In [1]:
import numpy as np
import pandas as pd

from setup import *

%load_ext autoreload
%autoreload 2

In [202]:
hh = pd.read_csv(survey_dir+"household.csv")
pr = pd.read_csv(survey_dir+"person.csv")
pl = pd.read_csv(survey_dir+"place.csv")
pt = pd.read_csv(survey_dir+"place_transit.csv")
lc = pd.read_csv(survey_dir+"location.csv")

  has_raised = await self.run_ast_nodes(code_ast.body, cell_name,
  has_raised = await self.run_ast_nodes(code_ast.body, cell_name,


In [3]:
num_pl = len(pl)
print(len(hh), "Households", len(pr), "People", len(pl), "Places", len(pl[pl.placeno!=1]), "Trips")

12391 Households 30683 People 128229 Places 99652 Trips


In [4]:
# Income
f_inc = (hh.hhinc >= 0) | (hh.hhinc2 >= -1)
print(np.sum(f_inc==0), 'households with no income')

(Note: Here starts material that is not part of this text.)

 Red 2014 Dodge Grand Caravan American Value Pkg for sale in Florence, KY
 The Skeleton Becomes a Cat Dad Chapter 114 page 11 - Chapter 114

30 households with no income


In [5]:
# Trip numbers
f_hhtrips = (hh.hhtrips>0)
print(np.sum(f_hhtrips==0), 'households with no trips')

349 households with no trips


In [6]:
hh = hh[f_inc & f_hhtrips]

In [7]:
# Age
f_age = (pr.aage >= -1)
print(np.sum(f_age==0), 'people with no age')

10 people with no age


In [8]:
# License
f_lic = (pr.lic >= -1)
print(np.sum(f_lic==0), 'people with no license info')

2 people with no license info


In [9]:
# Education
f_edu = (pr.educ > 0)
print(np.sum(f_edu==0), 'people with no education info')

42 people with no education info


In [10]:
pr = pr[f_age & f_lic & f_edu]

In [11]:
# Travel Mode
f_mode = (pl['mode'] >= -1) & (pl['mode'] // 100 < 8)
print(np.sum(f_mode==0), 'places with invalid modes (not available or air travel)')

331 places with invalid modes (not available or air travel)


In [12]:
pl = pl[f_mode]

In [13]:
# Trip Location
f_state_loc = (lc['state_fips'].isin([17,18,26,55]))
# tight restrictions to speed up the image download process
#f_state_loc = (lc['state_fips'].isin([17]))
pl = pd.merge(lc[f_state_loc][['sampno','locno']], pl, on=['sampno','locno'])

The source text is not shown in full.